-- Problem to work on --
The line with "T-shirt Crochets de" marks the first line to copy, and the line with "Simple Multifunctional Floor" marks the last. Transcribe that stretch of the data below exactly, without pictures.

-- Data to examine --
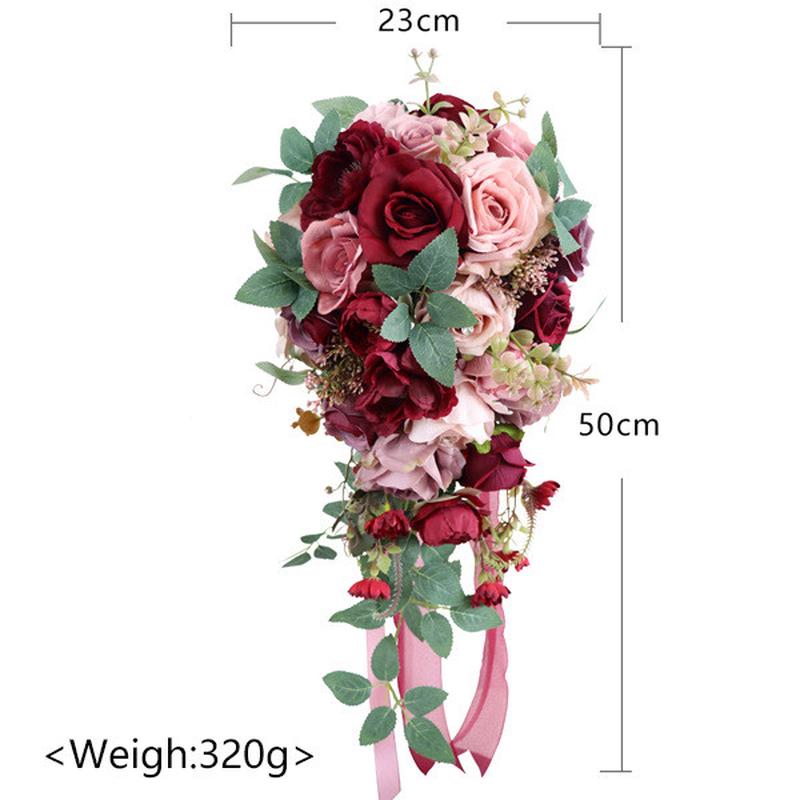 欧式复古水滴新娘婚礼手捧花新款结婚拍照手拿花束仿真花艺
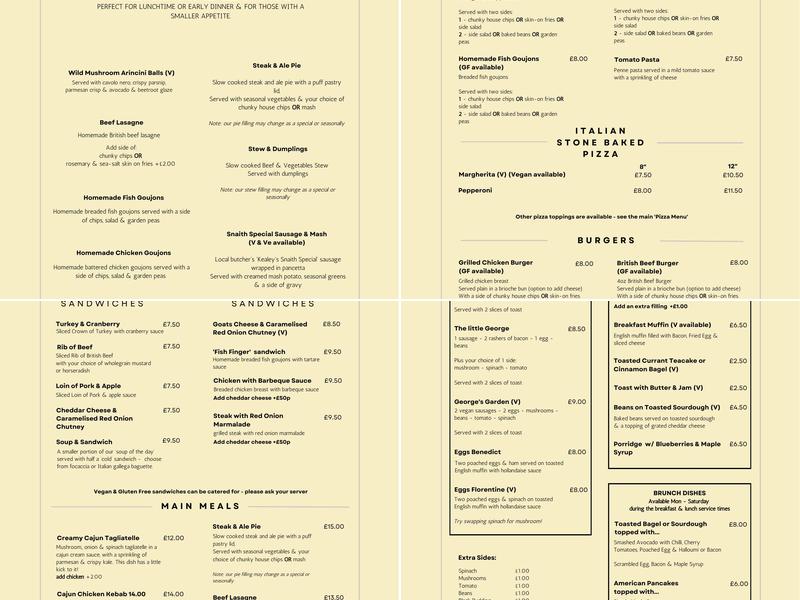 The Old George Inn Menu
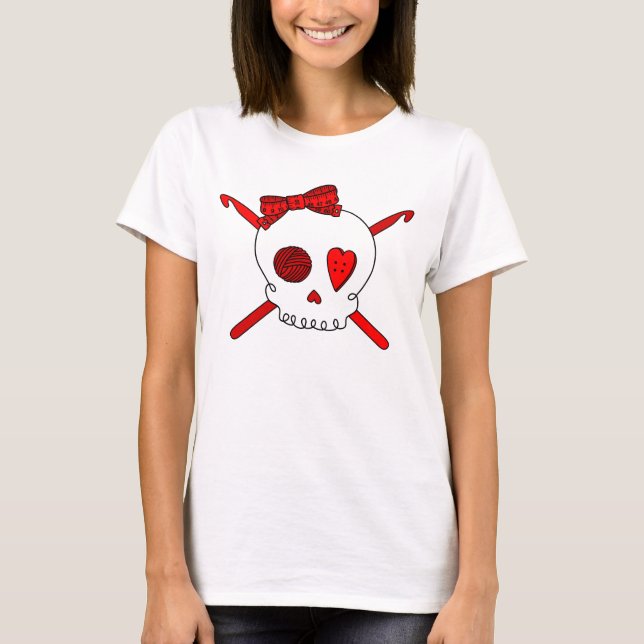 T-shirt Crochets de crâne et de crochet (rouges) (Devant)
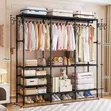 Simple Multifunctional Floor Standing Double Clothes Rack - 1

--

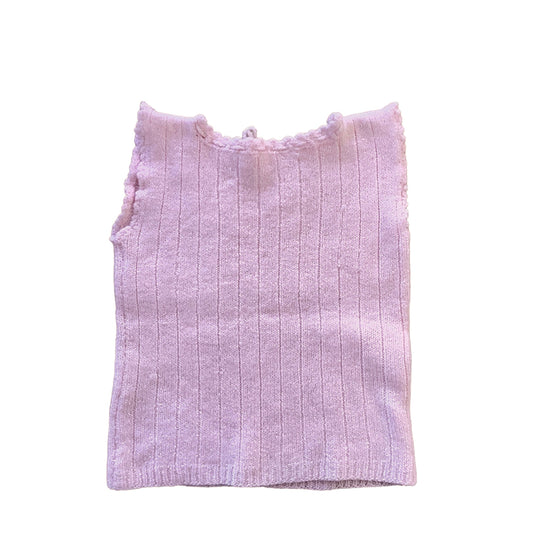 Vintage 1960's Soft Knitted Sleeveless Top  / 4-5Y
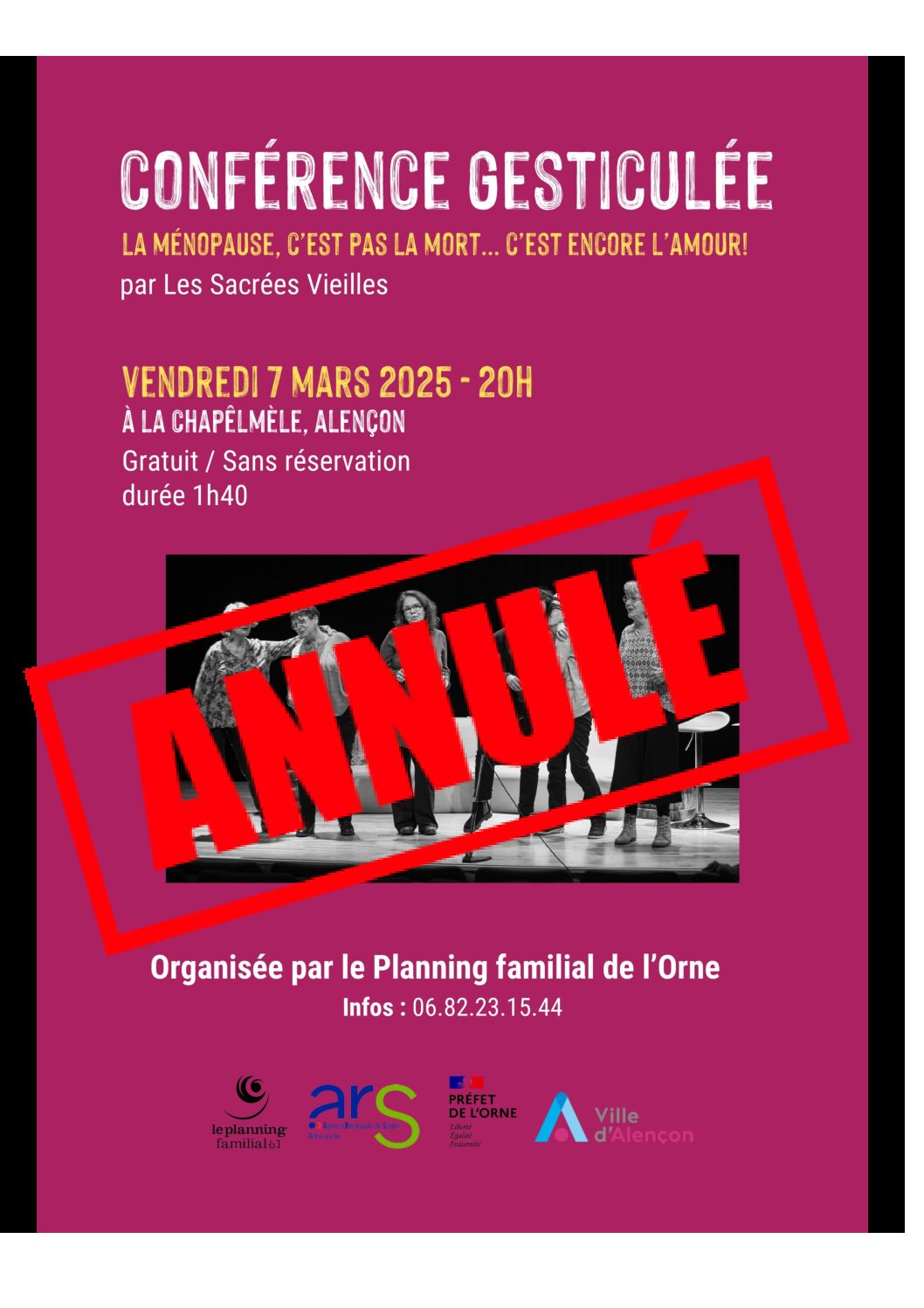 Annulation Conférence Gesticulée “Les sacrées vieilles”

-- Reply --
 T-shirt Crochets de crâne et de crochet (rouges) (Devant)
 Simple Multifunctional Floor Standing Double Clothes Rack - 1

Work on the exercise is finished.